System ArchitectureSystem Architect

Construct a planetary-scale, real-time data lineage and impact analysis substrate that captures field-level provenance across heterogeneous streaming and batch pipelines within a federated Data Mesh, orchestrates automated GDPR right-to-erasure propagation without full table scans, and predicts cross-domain schema change impacts while maintaining sub-second query latency over petabytes of metadata history.

Pass interviews with Hintsage AI assistant

Answer to the question

The architecture centers on a Hybrid Metadata Collection Layer that instruments data pipelines without modifying application code.

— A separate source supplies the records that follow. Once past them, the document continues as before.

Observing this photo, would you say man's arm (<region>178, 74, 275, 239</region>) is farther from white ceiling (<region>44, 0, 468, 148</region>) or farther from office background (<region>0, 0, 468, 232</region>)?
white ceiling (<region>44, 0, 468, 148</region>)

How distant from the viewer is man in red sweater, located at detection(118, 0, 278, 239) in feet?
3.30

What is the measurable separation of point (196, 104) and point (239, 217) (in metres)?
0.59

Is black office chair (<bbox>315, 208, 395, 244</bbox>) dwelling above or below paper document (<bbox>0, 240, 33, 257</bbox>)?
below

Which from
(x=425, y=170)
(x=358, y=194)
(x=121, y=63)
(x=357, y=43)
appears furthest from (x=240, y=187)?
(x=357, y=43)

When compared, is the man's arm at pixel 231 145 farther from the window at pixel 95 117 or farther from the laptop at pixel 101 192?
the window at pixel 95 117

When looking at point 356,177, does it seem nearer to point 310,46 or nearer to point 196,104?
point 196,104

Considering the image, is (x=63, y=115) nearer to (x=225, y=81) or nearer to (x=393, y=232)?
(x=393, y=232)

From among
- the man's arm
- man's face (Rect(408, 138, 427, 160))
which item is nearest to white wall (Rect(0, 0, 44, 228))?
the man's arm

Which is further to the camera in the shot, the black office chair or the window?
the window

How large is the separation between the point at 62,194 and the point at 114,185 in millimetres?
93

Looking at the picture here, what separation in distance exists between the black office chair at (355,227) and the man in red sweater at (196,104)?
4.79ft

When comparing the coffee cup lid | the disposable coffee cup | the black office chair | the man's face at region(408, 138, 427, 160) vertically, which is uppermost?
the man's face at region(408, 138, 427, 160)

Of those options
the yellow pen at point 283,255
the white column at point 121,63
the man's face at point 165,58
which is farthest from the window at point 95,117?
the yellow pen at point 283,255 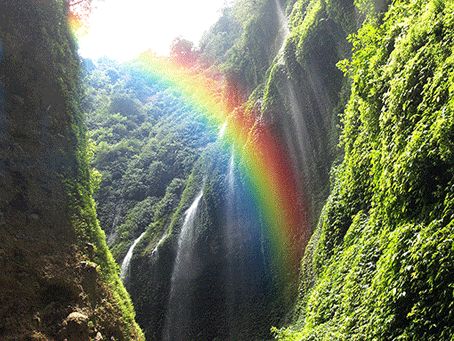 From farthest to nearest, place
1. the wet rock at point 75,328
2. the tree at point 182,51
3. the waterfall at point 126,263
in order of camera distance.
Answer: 1. the tree at point 182,51
2. the waterfall at point 126,263
3. the wet rock at point 75,328

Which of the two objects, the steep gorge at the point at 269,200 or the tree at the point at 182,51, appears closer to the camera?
the steep gorge at the point at 269,200

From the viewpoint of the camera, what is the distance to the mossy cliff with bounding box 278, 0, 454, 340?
3145mm

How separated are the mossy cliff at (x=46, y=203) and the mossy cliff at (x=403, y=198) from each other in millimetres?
4462

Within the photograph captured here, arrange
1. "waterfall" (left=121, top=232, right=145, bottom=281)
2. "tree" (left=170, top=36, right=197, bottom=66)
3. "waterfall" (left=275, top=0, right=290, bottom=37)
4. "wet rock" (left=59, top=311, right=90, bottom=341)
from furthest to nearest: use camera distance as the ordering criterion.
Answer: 1. "tree" (left=170, top=36, right=197, bottom=66)
2. "waterfall" (left=275, top=0, right=290, bottom=37)
3. "waterfall" (left=121, top=232, right=145, bottom=281)
4. "wet rock" (left=59, top=311, right=90, bottom=341)

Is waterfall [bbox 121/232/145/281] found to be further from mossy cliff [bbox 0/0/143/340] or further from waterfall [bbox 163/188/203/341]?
mossy cliff [bbox 0/0/143/340]

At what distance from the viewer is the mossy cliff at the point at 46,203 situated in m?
4.99

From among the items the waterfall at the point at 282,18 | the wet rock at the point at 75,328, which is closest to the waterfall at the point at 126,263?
the wet rock at the point at 75,328

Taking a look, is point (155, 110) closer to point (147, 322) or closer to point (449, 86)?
point (147, 322)

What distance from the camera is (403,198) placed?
12.8ft

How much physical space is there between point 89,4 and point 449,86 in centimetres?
1672

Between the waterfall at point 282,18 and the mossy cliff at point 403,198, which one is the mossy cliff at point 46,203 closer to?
the mossy cliff at point 403,198

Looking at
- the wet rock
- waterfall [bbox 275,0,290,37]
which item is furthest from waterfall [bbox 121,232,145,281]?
waterfall [bbox 275,0,290,37]

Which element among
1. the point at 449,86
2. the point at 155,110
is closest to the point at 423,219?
the point at 449,86

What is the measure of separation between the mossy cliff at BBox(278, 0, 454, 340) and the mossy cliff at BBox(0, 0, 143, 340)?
446cm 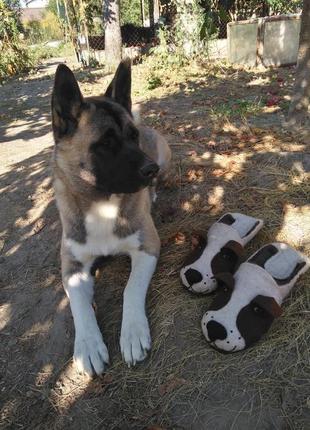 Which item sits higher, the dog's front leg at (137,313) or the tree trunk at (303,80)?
the tree trunk at (303,80)

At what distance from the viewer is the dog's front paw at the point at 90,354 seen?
81.2 inches

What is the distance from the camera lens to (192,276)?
2355 mm

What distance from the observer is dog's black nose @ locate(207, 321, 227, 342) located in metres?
1.95

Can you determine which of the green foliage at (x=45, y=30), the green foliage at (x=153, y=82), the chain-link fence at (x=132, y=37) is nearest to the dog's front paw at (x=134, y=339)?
the green foliage at (x=153, y=82)

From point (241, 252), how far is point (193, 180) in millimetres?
1457

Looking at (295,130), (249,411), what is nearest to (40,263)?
(249,411)

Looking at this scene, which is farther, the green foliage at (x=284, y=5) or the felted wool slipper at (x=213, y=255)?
the green foliage at (x=284, y=5)

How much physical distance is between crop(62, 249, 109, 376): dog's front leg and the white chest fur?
10cm

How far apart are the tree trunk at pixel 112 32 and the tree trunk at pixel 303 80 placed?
8332 millimetres

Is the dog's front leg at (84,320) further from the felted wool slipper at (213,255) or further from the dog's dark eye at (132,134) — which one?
the dog's dark eye at (132,134)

Change Data Capture (CDC) agents intercept Apache Kafka topic schemas, Apache Spark execution plans, and JDBC query logs from legacy Oracle databases, emitting structured lineage events to a regional Apache Pulsar bus.

A Stream Processing tier using Apache Flink parses these events to construct a dynamic property graph in JanusGraph, where vertices represent datasets (tables, topics, files) and edges capture transformation logic with column-granularity cardinality. For GDPR automation, the system maintains an inverted index mapping PII signatures (e.g., email hashes, tokenized SSNs) to graph edges using Apache Lucene.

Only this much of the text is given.